By sticking to his broad north vs. south brushstrokes – rather than taking the more nuanced tack of perhaps trying to specifically expose some of the corporations and governments responsible for the economic hardships – Diaz dilutes his own argument.

And his solution, once he gets around to it, seems to be a vaguely shrouded plea for world-wide socialism.  While I personally am not one of those people that think that socialism is a dirty word in all cases, it seems a little naïve to expect the entire world would willingly fall in line – and Diaz really makes no suggestions for implementing his vision around the world.  Besides, the history of socialism has had more than its share of poverty and exploitation, as well – probably significantly more than capitalism.

Diaz actually makes a much more cogent secondary point.  “20% of the planet’s population uses 80% of the resources and consumes 30% more than the planet can regenerate.”  This kind of fact is disturbing and needs to be addressed, but it’s sort of rushed past in the film.

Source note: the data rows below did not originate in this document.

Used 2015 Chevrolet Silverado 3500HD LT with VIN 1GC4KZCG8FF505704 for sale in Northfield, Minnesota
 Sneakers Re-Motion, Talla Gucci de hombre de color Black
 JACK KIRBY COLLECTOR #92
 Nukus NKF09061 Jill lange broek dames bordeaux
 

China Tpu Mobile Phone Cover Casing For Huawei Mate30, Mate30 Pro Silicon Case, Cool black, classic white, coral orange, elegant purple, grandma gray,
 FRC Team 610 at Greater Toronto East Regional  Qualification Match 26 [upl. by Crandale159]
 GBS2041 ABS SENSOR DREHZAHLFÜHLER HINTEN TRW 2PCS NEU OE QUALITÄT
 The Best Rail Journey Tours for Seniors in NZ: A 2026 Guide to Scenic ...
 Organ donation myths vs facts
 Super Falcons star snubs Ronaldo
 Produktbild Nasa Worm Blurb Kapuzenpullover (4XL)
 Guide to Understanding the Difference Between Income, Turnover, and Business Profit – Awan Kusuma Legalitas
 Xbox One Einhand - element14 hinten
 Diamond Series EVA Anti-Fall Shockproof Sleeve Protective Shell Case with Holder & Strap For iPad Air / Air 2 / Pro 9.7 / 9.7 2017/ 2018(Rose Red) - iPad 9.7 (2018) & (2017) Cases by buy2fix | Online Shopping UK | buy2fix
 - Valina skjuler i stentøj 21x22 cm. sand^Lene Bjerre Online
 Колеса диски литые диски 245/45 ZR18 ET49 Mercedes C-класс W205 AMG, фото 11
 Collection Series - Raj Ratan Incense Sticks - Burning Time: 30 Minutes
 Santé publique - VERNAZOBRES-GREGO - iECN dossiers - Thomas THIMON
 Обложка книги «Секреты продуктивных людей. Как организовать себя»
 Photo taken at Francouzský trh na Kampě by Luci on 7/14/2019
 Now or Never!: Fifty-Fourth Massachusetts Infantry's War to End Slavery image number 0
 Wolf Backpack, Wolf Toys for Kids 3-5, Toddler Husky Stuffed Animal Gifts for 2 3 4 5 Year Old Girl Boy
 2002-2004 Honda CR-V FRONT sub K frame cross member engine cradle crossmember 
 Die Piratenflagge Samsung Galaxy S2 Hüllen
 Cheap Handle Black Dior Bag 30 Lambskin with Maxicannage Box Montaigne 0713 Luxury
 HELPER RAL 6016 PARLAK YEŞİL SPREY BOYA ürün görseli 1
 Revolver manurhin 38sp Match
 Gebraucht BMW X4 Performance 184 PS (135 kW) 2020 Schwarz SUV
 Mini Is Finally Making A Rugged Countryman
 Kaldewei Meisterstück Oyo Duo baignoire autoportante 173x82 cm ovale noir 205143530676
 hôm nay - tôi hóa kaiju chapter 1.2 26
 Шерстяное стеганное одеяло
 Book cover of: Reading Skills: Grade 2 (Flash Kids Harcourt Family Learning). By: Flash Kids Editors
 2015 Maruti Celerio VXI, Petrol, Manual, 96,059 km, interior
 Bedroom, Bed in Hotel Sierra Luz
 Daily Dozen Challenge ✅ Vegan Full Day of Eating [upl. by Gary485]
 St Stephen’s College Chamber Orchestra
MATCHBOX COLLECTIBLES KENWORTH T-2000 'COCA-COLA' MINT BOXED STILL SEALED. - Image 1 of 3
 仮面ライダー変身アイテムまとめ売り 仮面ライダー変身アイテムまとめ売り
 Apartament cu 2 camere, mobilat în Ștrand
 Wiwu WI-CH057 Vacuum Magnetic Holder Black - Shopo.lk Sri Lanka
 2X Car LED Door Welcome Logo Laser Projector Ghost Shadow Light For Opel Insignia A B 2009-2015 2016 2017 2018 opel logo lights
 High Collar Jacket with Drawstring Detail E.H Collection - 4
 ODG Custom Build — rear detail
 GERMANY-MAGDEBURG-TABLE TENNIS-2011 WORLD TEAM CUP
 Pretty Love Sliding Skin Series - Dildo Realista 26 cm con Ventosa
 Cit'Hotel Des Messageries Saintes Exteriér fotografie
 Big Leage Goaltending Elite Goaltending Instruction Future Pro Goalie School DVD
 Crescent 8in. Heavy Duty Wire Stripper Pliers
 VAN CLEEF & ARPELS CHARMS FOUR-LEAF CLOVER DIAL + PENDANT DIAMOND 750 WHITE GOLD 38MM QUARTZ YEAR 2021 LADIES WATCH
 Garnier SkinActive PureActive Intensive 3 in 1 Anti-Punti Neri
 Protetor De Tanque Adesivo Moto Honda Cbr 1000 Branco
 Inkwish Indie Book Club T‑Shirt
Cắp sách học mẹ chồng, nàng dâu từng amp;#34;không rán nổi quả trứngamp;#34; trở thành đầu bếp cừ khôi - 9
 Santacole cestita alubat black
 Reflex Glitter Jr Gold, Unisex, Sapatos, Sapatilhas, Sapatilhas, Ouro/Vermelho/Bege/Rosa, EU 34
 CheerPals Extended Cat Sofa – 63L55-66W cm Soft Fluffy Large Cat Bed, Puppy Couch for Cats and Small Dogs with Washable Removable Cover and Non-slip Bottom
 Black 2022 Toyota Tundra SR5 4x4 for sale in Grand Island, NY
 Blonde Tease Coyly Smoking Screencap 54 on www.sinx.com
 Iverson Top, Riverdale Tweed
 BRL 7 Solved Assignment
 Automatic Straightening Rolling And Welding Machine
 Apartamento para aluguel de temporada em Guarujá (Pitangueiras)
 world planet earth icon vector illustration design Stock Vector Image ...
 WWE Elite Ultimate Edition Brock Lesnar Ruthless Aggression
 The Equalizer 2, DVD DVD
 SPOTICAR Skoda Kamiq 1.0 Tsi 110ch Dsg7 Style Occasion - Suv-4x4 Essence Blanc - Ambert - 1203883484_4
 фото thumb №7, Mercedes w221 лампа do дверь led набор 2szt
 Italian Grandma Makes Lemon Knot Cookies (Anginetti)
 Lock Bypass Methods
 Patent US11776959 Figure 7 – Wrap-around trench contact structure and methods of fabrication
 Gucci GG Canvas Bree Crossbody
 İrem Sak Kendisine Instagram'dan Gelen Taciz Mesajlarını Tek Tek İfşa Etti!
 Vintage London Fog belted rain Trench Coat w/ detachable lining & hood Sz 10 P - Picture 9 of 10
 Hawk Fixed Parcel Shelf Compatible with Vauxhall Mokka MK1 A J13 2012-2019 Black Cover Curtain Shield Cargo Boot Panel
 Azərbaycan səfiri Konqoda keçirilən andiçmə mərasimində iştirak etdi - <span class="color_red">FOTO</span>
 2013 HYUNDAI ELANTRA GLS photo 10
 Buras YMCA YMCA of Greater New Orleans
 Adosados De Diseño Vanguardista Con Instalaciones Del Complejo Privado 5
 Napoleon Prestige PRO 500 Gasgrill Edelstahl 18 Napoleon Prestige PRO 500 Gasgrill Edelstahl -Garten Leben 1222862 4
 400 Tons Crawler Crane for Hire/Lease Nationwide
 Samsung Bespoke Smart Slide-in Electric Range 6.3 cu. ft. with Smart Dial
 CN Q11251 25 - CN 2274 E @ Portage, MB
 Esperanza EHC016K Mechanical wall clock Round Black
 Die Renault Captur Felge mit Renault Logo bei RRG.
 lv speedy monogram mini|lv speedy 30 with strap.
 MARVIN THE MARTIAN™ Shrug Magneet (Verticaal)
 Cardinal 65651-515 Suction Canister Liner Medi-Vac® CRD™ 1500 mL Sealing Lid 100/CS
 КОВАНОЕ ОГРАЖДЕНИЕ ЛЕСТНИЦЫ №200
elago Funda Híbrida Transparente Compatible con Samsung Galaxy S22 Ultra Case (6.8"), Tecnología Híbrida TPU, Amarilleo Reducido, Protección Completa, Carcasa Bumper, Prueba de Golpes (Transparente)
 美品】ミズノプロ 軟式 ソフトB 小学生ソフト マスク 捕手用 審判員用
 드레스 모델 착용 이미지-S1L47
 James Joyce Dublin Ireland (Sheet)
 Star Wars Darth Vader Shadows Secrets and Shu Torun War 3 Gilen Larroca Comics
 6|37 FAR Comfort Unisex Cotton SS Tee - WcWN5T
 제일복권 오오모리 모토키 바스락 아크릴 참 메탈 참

I truly believe that Diaz passionately believes in his central conceit, however if he wants to get more converts, he should have made a more well-rounded argument.  By ignoring the obvious and presenting facts that are commonly known as shocking, he has undermined his own authority on the subject.  Therefore, a documentary which was meant to be tearing down walls instead seems to be tilting at windmills.